(Records from a data collection)
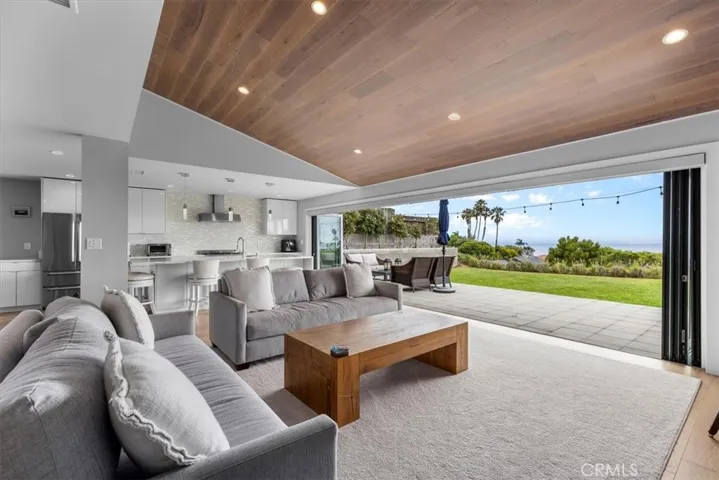 7292 Berry Hill Drive, Rancho Palos Verdes, California 90275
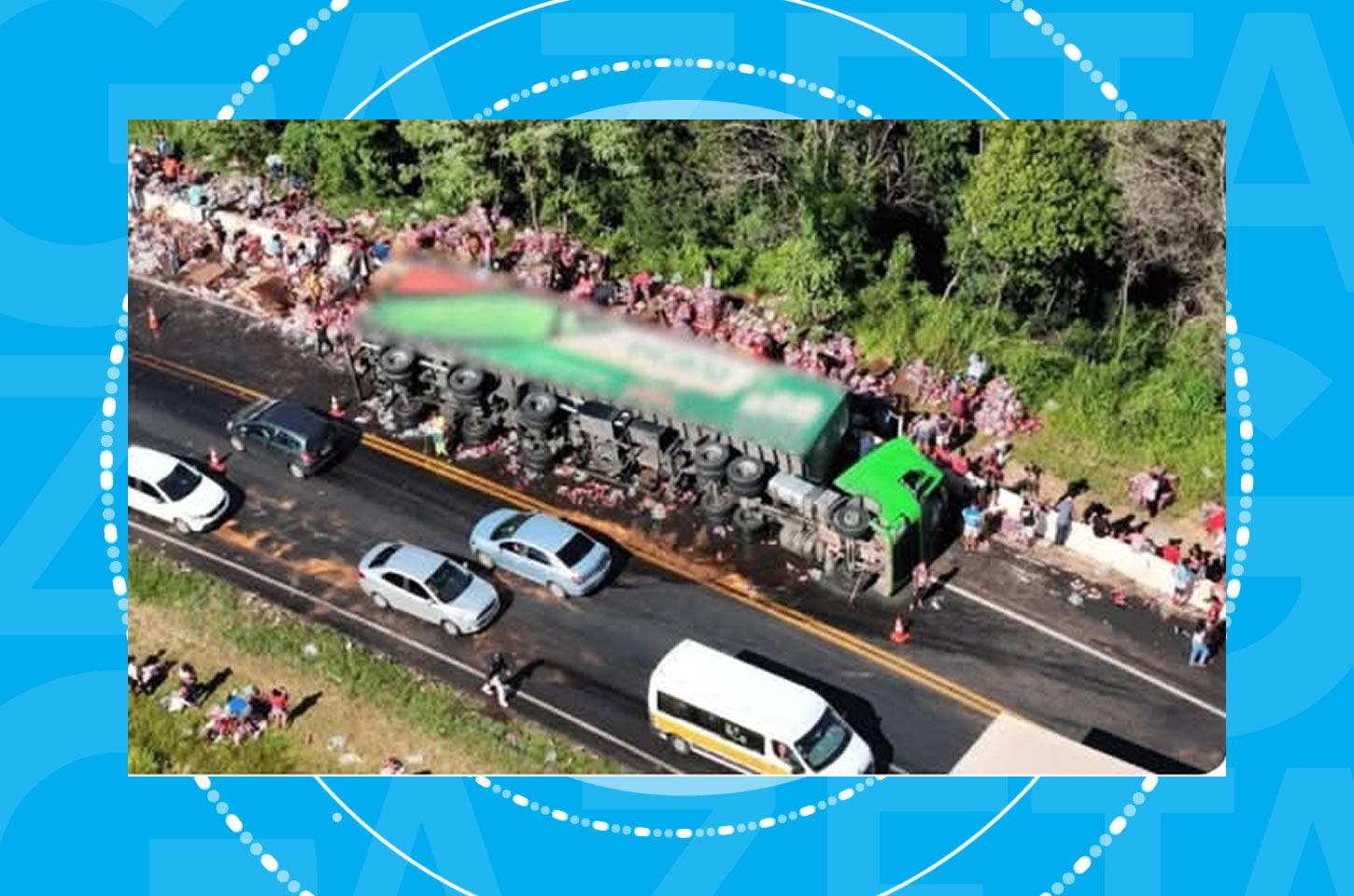 Carreta carregada com energético e whisky tomba na BR-277 e carga é saqueada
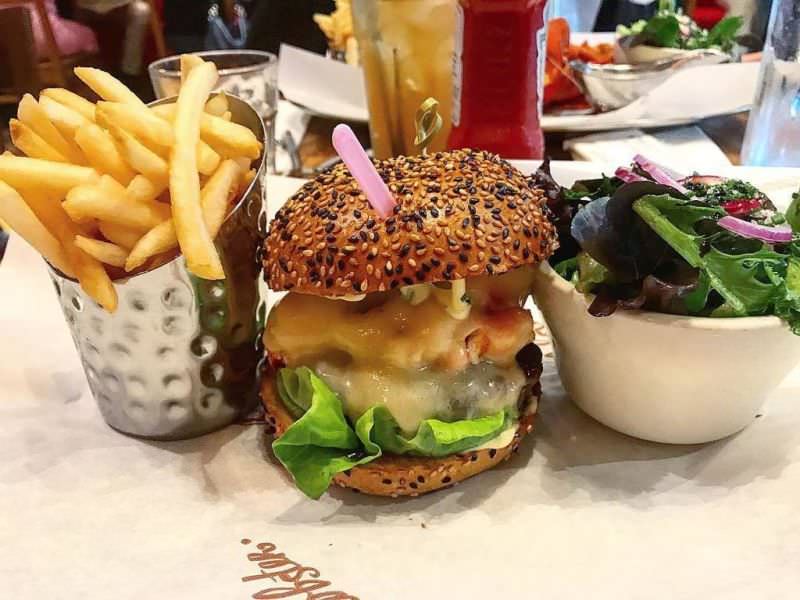 LobsterNYC's tweet photo. RT @#LACeline π this is a no diet zone! A truffle lobster + beef patty burger and fries π https://t.co/3cUx0fZdMH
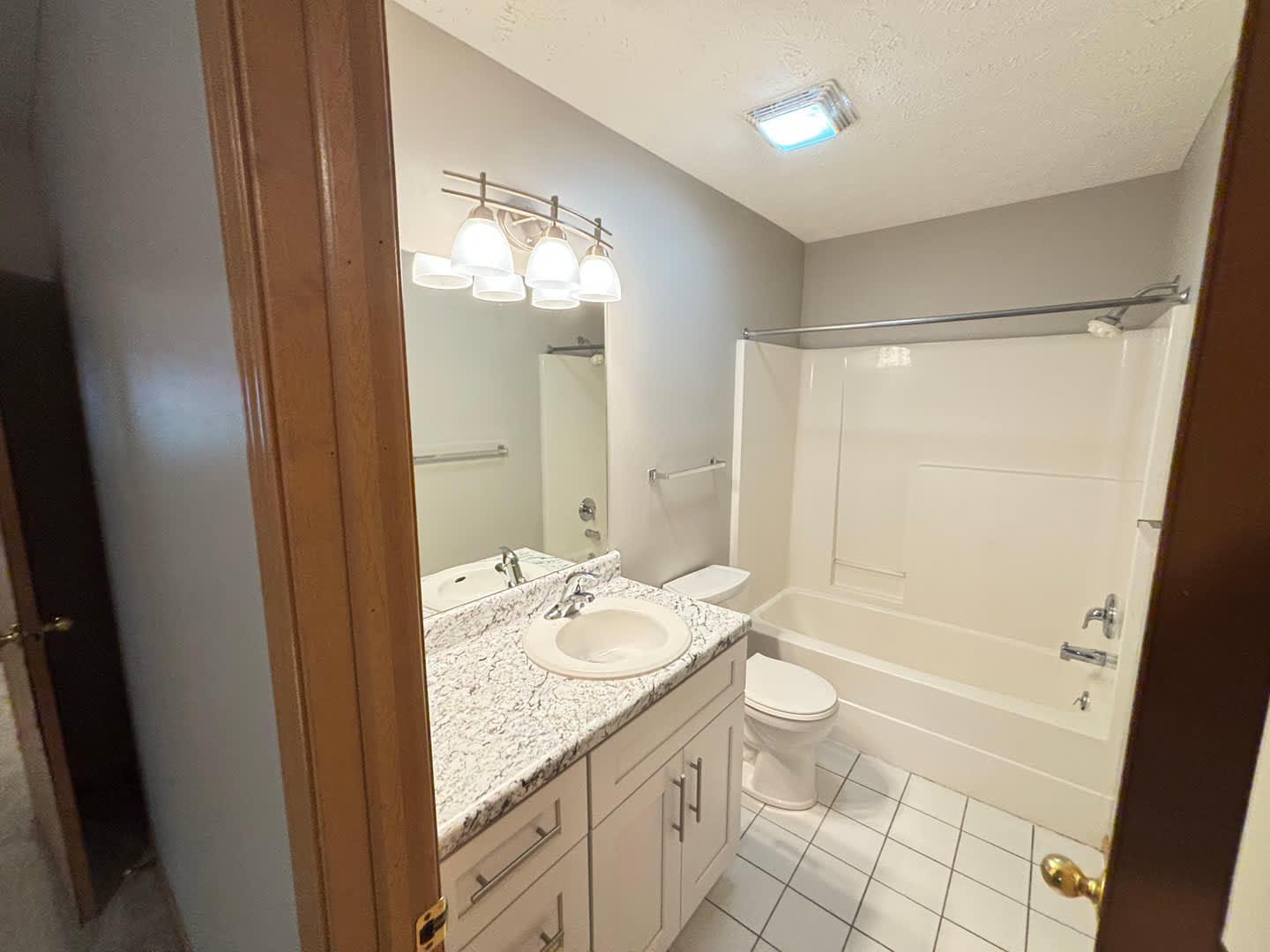 300 Off Move In Special Spacious 3 Bedroom Townhome With Vaulted Ceilings Fireplace Attached Garage – photo 5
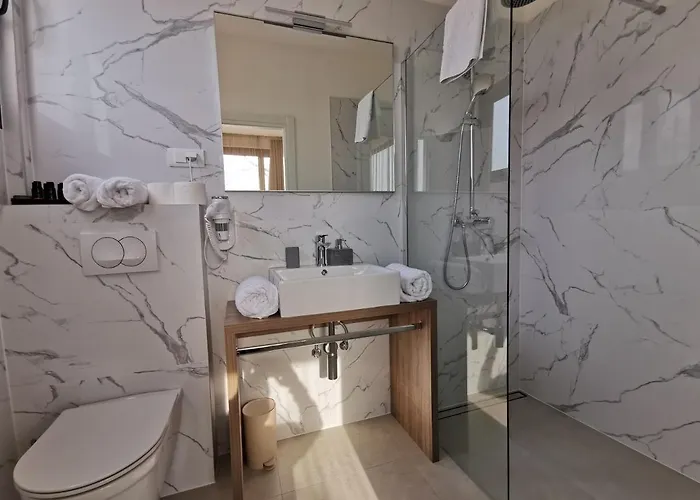 Luxury Pino بيت ضيافة 4*
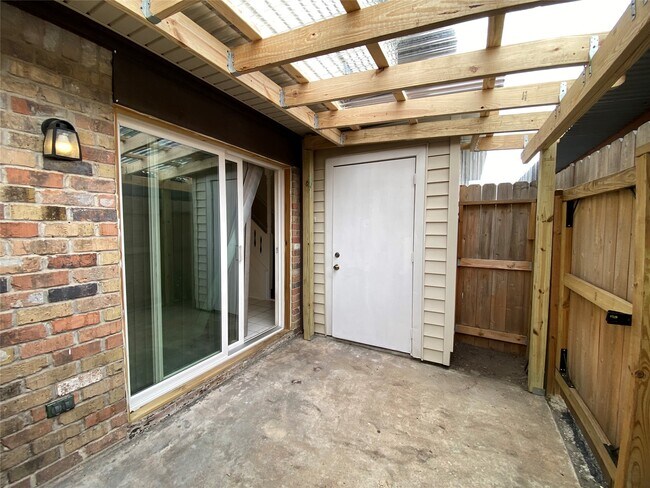 Building Photo - 10682 Hazelhurst Dr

_ACTION ITEM:_ What the response needs is every entry, repeated exactly, and none of the pictures.

_ANSWER SECTION:_
 7292 Berry Hill Drive, Rancho Palos Verdes, California 90275
 Carreta carregada com energético e whisky tomba na BR-277 e carga é saqueada
 LobsterNYC's tweet photo. RT @#LACeline π this is a no diet zone! A truffle lobster + beef patty burger and fries π https://t.co/3cUx0fZdMH
 300 Off Move In Special Spacious 3 Bedroom Townhome With Vaulted Ceilings Fireplace Attached Garage – photo 5
 Luxury Pino بيت ضيافة 4*
 Building Photo - 10682 Hazelhurst Dr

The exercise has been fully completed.